Why Is Trading So Difficult?

Everyone comes into the world of trading with some type of expectation. Some people see trading as a shortcut to riches while others call it a Gambling Den.

The truth is trading is NOT easy but it’s also NOT “rigged.” Like any worthwhile enterprnuer Journey, trading has a steep learning curve followed by lot of challenges.

Understanding the journey and the problems you will face at each stage can help you align your expectations with reality. Today, we’re going to discuss the different stages of trading and what you should expect at each level. Be honest with yourself about your progress so you can better identify with the corresponding challenges.

At one point or another, everyone who has interactions with the market asks oneself, “Why is trading so hard?”

There are legitimate reasons why trading should be difficult:

  • Markets are highly random.
  • Whatever edge we can find is eroded by competition from smart, well-capitalized traders.
  • Markets are subject to very large shocks that can have devastating effects on unprepared traders.
  • You need to have an idea of what to do before it happens , thinking logically in the moment is difficult . All important decisions should not be made under stress . Know what you will do under a set of circumstances before it happens , be a machine with no prejudice or biases . Fear and anger have no place in trading
  • Even so, it seems like something else is going on, almost like we are our own worst enemies at times. What is it about markets that encourages people to do exactly the wrong thing at the wrong time, and why do many of the behaviors that serve us so well in other situations actually work against us in the market?

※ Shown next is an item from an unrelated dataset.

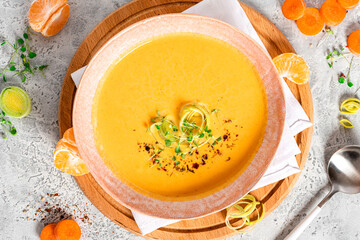 Tasty carrot creamy soup with herbs and spices in a bowl on a grey background top view.  Autumn or winter food. Pureed vegetable soup.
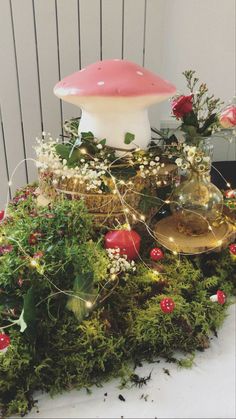 a mushroom lamp sitting on top of a moss covered table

Part of the answer lies in the nature of the market itself. What we call “the market” is actually the end result of the interactions of thousands of traders across the gamut of size, holding period, and intent. Each trader is constantly trying to gain an advantage over the others; market behavior is the sum of all of this activity, reflecting both the rational analysis and the psychological reactions of all participants.

This creates an environment that has basically evolved to encourage individual traders to make mistakes.

That is an important point—the market is essentially designed to cause traders to do the wrong thing at the wrong time. The market turns our cognitive tools and psychological quirks against us, making us our own enemy in the marketplace. It is not so much that the market is against us; it is that the market sets us against ourselves.

Trading is hard because sometimes the next 10, 20, 50 or even 100 trades might not net you any money even if you execute your trading perfectly, even with perfect emotional control, you still might not have a profit to show after 50+ trades.

At the end of the day you have total control of when to enter, but it is the market that decides if that entry will be profitable or not. Sometimes the next 50+ trades will print money at other times you will be lucky to break even.

As a trader you sometimes live on the extreme negative end of the bell curve for protracted periods of time. And there is nothing you can do about it expect maybe trade smaller.

Most tradersare trying to predict the future based on the the past and present data sets of information. Then you are making assumptions that what happened in the past, will repeat that pattern over the same time period that happened before. The problem is that the future is unpredictable. You can’t be right all the time and the past does not repeat in the same way all the time. You need to find a process to use the past to be right more than wrong and manage your risk, to be around to be right again. That requires good information, a good process to use that data, discipline and enough money to be wrong. Too many trader do not have enough of each to make it.